Apache Iceberg version
None
Query engine
Athena (engine v3)
Hello everyone, today my team incurred in a very strange bug using Iceberg via Athena. I'll descrive the steps we used to reproduce the error below:
- We create an iceberg table with an "id" column and 321 other columns with random strings - in the example below we use awsrangler to create the table, but the same happens when the table is created using Athena directly.
import awswrangler as wr
import pandas as pd
import random, string
EXAMPLE CODE:
NUM_COLS=322
def get_random_string(length):
letters = string.ascii_lowercase
result_str = ''.join(random.choice(letters) for i in range(length))
return result_str
columns = ['id']+[get_random_string(5) for i in range(NUM_COLS-1) ]

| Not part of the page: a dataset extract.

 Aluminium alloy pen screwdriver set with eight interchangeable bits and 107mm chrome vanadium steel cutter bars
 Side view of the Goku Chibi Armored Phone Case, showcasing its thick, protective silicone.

data = pd.DataFrame(data=[columns], columns=columns)
wr.athena.to_iceberg(
data,
workgroup="my-workgroup",
database="my_database",
table="iceberg_limits_322",
table_location="s3://my_bucket/iceberg_limits",
)
- we then run the following query in athena to insert a random value
EXAMPLE QUERY:
MERGE INTO my_database.iceberg_limits_322 as existing
using (
SELECT 'something' as id
) as new on existing.id = new.id
WHEN NOT MATCHED
THEN INSERT (id) VALUES (new.id)
WHEN MATCHED THEN DELETE
- which results in the error:
[ErrorCode: INTERNAL_ERROR_QUERY_ENGINE] Amazon Athena experienced an internal error while executing this query. Please contact AWS support for further assistance. You will not be charged for this query. We apologize for the inconvenience.

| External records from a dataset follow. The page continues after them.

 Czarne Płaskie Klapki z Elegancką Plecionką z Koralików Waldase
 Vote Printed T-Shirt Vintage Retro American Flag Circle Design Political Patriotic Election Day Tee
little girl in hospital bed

Notice that the error only occurs when multiple WHEN are used in the MERGE INTO query! - in case one WHEN is used (just to insert or to delete records) everything works fine, and the table can be used normally.
We can replicate this behaviour on multiple AWS accounts and with different tables/databases/s3 locations.
After trying with different number of columns we consistently found that 321 is the maximum limit for the number of columns of the table. Everything works fine below this threshold.